§ Data segment:
%%

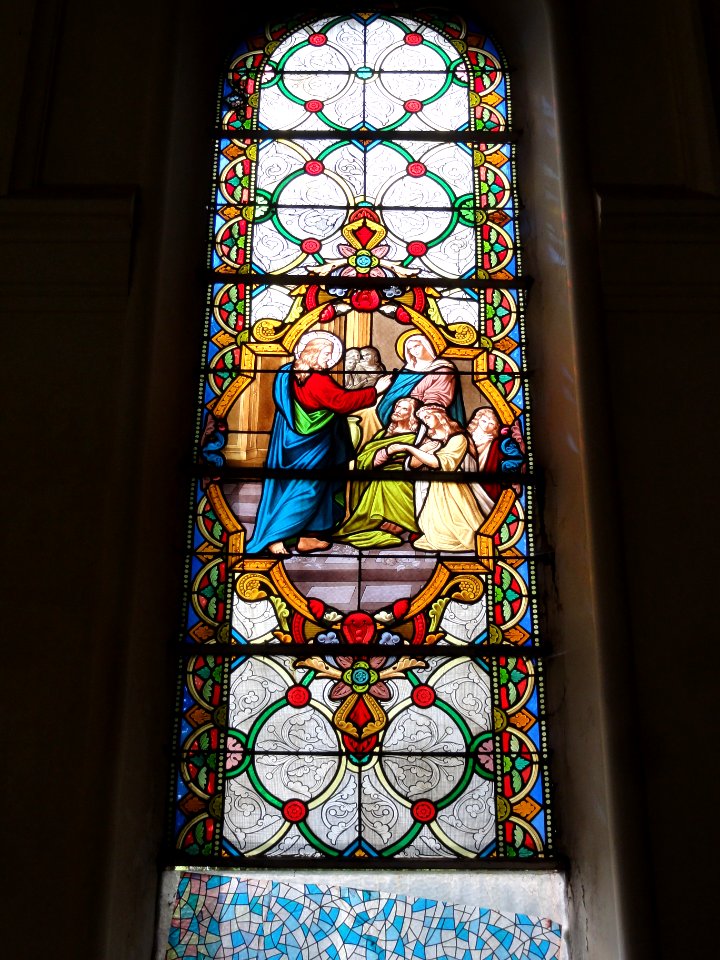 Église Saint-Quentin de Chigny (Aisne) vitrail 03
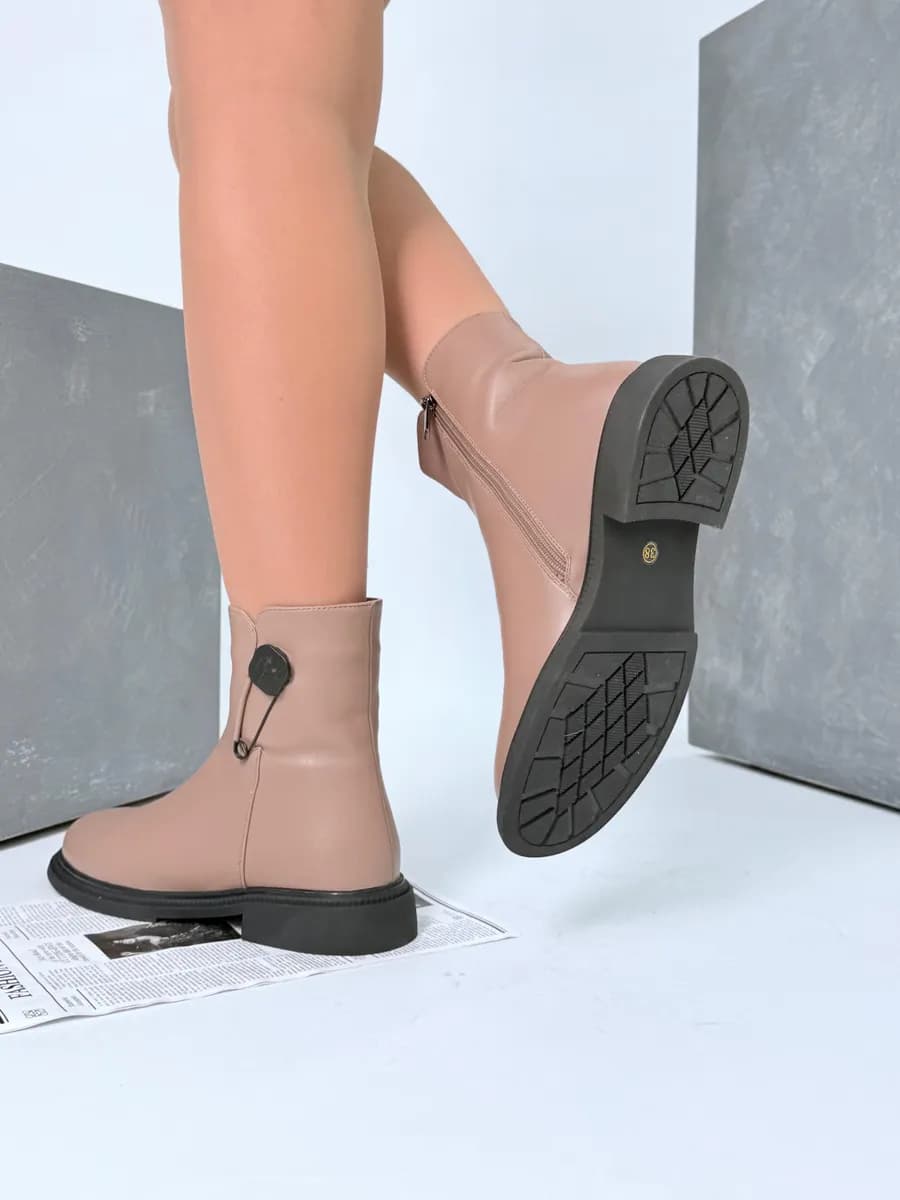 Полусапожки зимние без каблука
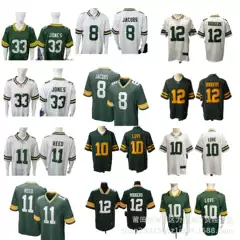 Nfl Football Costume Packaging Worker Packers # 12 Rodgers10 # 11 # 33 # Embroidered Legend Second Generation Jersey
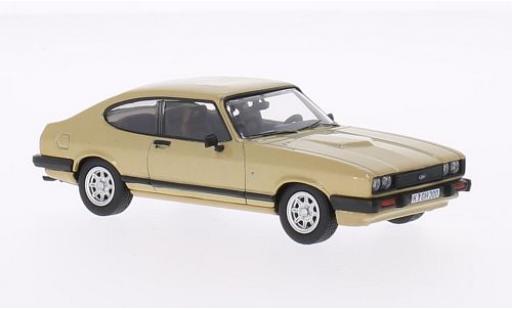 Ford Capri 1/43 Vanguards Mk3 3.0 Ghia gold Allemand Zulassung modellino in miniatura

%%

§ What the task requires: Please return the full listing word for word, but without any pictures.

§ Expected answer:
 Église Saint-Quentin de Chigny (Aisne) vitrail 03
 Полусапожки зимние без каблука
 Nfl Football Costume Packaging Worker Packers # 12 Rodgers10 # 11 # 33 # Embroidered Legend Second Generation Jersey
 Ford Capri 1/43 Vanguards Mk3 3.0 Ghia gold Allemand Zulassung modellino in miniatura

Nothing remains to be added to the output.